Evaluating Sediment Stability at Offshore Marine Hydrokinetic Energy Facilities

Monday, 15 December 2014
Craig Alexander Jones, Organization Not Listed, Washington, DC, United States, Jason Magalen, Sea Engineering, Inc., Santa Cruz, CA, United States, Jesse Roberts, Sandia National Laboratories, Albequerque, NM, United States and Grace Chang, University of California Santa Barbara, Santa Barbara, CA, United States
Development of offshore alternative energy production methods through the deployment of Marine Hydrokinetic (MHK) devices (e.g. wave, tidal, and wind generators) in the United States continues at a rapid pace, with significant public and private investment in recent years. The installation of offshore MHK systems includes cabling to the shoreline and some combination of bottom foundation (e.g., piles, gravity bases, suction buckets) or anchored floating structure. Installation of any of this infrastructure at the seabed may affect coastal sediment dynamics. It is, therefore, necessary to evaluate the interrelationships between hydrodynamics and seabed dynamics and the effects of MHK foundations and cables on sediment transport. If sufficient information is known about the physical processes and sediment characteristics of a region, hydrodynamic and sediment transport models may be developed to evaluate near and far-field sediment transport. The ultimate goal of these models and methods is to quantitatively evaluate changes to the baseline seabed stability due to the installation of MHK farms in the water.

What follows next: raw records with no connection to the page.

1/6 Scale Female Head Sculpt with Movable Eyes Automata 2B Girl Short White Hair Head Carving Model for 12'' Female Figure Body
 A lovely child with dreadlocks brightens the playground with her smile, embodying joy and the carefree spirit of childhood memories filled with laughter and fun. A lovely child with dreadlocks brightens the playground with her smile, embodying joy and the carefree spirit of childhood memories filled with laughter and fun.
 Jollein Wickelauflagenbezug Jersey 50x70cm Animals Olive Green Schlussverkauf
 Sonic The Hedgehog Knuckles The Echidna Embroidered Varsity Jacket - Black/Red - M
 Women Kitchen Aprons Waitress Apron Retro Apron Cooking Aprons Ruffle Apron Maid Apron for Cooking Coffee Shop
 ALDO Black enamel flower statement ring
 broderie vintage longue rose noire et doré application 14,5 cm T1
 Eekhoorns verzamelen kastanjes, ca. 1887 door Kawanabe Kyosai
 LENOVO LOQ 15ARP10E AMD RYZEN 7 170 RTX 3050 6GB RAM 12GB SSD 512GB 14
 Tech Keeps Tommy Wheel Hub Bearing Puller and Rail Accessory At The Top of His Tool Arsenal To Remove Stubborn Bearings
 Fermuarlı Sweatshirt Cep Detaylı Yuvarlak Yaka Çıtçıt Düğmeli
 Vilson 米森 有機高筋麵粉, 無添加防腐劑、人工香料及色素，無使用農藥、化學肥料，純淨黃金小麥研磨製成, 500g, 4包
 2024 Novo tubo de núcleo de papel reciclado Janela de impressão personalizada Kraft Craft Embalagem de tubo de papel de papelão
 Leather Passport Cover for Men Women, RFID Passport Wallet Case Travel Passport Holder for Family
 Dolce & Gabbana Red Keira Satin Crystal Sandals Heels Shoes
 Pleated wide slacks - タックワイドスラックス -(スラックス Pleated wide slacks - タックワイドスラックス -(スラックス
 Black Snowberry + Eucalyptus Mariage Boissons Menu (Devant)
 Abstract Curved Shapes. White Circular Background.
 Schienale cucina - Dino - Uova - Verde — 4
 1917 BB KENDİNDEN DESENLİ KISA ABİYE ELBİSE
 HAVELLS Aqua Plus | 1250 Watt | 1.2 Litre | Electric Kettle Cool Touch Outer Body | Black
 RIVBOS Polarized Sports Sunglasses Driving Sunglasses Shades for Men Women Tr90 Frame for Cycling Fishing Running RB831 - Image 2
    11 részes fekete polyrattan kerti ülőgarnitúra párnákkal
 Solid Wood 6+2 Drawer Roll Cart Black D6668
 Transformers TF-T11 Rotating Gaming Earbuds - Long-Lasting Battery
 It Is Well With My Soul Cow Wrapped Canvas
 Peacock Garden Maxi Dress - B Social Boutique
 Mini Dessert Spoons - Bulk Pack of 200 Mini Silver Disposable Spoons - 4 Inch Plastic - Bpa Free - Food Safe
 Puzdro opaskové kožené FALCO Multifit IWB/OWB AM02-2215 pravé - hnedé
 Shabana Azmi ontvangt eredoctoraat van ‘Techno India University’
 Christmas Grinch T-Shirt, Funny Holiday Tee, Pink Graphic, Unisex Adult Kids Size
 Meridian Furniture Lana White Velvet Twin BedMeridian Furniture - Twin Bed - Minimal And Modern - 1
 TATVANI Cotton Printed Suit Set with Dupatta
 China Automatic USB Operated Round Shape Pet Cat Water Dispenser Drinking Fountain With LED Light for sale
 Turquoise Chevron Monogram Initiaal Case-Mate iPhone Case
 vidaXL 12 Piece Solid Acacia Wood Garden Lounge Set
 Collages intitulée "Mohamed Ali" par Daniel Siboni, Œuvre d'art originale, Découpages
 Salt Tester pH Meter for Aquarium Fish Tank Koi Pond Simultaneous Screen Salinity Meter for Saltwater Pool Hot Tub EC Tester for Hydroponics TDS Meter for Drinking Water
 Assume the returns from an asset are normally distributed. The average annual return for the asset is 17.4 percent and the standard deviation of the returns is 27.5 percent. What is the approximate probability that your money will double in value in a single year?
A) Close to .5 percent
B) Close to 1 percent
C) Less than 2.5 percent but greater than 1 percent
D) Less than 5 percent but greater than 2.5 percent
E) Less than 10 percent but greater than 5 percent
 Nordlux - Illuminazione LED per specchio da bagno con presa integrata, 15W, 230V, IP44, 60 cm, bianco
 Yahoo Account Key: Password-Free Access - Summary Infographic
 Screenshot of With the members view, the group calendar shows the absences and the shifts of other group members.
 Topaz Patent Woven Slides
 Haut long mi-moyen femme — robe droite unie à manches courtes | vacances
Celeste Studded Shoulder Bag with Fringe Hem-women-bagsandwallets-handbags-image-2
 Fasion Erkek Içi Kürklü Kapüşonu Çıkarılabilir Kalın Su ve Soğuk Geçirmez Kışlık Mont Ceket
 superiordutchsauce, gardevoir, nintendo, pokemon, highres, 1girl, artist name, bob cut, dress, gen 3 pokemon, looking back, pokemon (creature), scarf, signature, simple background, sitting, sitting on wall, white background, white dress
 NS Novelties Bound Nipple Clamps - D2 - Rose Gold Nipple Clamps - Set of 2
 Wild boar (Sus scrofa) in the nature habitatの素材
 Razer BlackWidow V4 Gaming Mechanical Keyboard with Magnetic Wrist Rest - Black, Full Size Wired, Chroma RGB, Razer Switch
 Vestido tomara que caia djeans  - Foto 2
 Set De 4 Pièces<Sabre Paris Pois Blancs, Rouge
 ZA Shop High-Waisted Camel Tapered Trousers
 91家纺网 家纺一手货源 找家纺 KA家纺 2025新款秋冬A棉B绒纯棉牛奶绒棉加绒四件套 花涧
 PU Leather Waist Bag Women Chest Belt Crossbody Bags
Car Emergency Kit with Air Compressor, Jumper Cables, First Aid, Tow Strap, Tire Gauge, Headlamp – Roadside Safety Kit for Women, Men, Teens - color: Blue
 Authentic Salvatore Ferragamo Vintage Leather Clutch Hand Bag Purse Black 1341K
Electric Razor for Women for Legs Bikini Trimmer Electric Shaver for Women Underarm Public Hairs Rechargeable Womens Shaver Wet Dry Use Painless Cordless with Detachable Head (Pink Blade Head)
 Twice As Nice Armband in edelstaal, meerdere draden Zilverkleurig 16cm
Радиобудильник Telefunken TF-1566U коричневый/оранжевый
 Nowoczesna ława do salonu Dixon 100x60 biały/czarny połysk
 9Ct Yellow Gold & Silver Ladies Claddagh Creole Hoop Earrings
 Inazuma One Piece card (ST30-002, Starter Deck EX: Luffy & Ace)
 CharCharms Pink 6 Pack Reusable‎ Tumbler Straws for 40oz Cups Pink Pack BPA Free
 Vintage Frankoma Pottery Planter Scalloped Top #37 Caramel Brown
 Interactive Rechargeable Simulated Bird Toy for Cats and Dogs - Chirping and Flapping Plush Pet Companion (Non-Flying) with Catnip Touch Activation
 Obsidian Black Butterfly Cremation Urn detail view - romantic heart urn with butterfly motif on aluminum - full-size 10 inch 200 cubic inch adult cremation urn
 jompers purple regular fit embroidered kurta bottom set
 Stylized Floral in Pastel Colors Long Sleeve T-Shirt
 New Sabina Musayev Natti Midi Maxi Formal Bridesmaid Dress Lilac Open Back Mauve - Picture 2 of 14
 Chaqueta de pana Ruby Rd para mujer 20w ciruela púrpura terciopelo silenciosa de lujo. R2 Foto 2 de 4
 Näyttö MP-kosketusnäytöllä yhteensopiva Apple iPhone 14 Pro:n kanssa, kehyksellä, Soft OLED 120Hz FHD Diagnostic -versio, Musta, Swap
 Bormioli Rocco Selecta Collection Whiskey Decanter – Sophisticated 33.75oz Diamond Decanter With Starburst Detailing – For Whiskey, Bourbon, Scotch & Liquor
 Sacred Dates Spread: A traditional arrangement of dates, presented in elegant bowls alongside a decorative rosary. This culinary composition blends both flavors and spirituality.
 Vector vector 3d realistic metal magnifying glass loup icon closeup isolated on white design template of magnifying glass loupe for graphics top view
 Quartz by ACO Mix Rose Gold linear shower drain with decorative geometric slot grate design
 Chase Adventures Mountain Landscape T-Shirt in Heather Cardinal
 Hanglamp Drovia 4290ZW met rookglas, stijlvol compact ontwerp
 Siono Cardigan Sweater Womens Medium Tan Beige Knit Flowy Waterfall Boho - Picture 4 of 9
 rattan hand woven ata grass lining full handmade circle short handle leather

The objective of the present study is to evaluate and validate wave, current, and sediment transport models (i.e., a site analysis) that may be used to estimate risk of sediment mobilization and transport. While the methodology and examples have been presented in a draft guidance document (Roberts et al., 2013), the current report presents an overall strategy for model validation, specifically for a case study in the Santa Cruz Bight, Monterey Bay, CA. Innovative techniques to quantify the risk of sediment mobility has been developed to support these investigations. Public domain numerical models are utilized to estimate the near-shore wave climate (SWAN: Simulating Waves Near-shore) and circulation and sediment transport (EFDC: Environmental Fluid Dynamics Code) regimes. The models were validated with field hydrodynamic data. Sediment size information was provided by the USGS usSEABED sediment database program. Near-bottom current- and wave-induced shear stresses were computed and used directly to derive a sediment mobilization risk relationship.